ONNX Runtime ExecutionProvider:
├── CPUExecutionProvider     默认CPU推理
├── CUDAExecutionProvider    NVIDIA GPU
├── TensorrtExecutionProvider  TensorRT加速（最快）
├── OpenVINOExecutionProvider  Intel CPU/GPU/VPU
├── DirectMLExecutionProvider  Windows GPU通用
├── CoreMLExecutionProvider    Apple Silicon
└── QNNExecutionProvider       Qualcomm NPU

14.5.2 ONNX Runtime推理代码¶

Python

import onnxruntime as ort
import numpy as np

class ONNXInference:
    """ONNX Runtime多后端推理"""

    def __init__(self, model_path, device="gpu"):
        # 根据设备选择ExecutionProvider
        providers = self._get_providers(device)

        # Session选项
        sess_options = ort.SessionOptions()
        sess_options.graph_optimization_level = (
            ort.GraphOptimizationLevel.ORT_ENABLE_ALL)
        sess_options.intra_op_num_threads = 4
        sess_options.execution_mode = ort.ExecutionMode.ORT_SEQUENTIAL

        self.session = ort.InferenceSession(
            model_path, sess_options, providers=providers)

        # 获取输入输出信息
        self.input_name = self.session.get_inputs()[0].name
        self.output_names = [o.name for o in self.session.get_outputs()]
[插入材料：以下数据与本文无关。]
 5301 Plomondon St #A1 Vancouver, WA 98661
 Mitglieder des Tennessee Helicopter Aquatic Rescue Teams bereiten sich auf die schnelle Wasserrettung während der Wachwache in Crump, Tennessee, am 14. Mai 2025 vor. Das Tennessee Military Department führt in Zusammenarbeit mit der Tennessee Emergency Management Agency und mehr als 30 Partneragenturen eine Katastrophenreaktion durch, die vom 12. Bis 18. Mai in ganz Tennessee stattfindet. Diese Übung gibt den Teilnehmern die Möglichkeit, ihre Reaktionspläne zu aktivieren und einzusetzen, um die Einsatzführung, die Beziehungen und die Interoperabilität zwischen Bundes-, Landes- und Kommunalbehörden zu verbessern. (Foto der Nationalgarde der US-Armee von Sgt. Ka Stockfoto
        print(f"Using: {self.session.get_providers()}")

    def _get_providers(self, device):
        if device == "gpu":
            return [
                ("TensorrtExecutionProvider", {
                    "trt_max_workspace_size": 2 << 30,
                    "trt_fp16_enable": True,
                    "trt_engine_cache_enable": True,
                    "trt_engine_cache_path": "./trt_cache",
                }),
                ("CUDAExecutionProvider", {
                    "device_id": 0,
                    "arena_extend_strategy": "kNextPowerOfTwo",
                }),
                "CPUExecutionProvider",
            ]
        elif device == "openvino":
            return [
                ("OpenVINOExecutionProvider", {
                    "device_type": "CPU_FP32",
                }),
                "CPUExecutionProvider",
            ]
        else:
            return ["CPUExecutionProvider"]

    def infer(self, input_data):
        return self.session.run(
            self.output_names, {self.input_name: input_data})

# 使用
infer = ONNXInference("resnet50.onnx", device="gpu")
output = infer.infer(np.random.randn(1, 3, 224, 224).astype(np.float32))
print(f"Output shape: {output[0].shape}")

📝 面试考点：ONNX Runtime与TensorRT直接调用有什么区别？什么时候选用ONNX Runtime？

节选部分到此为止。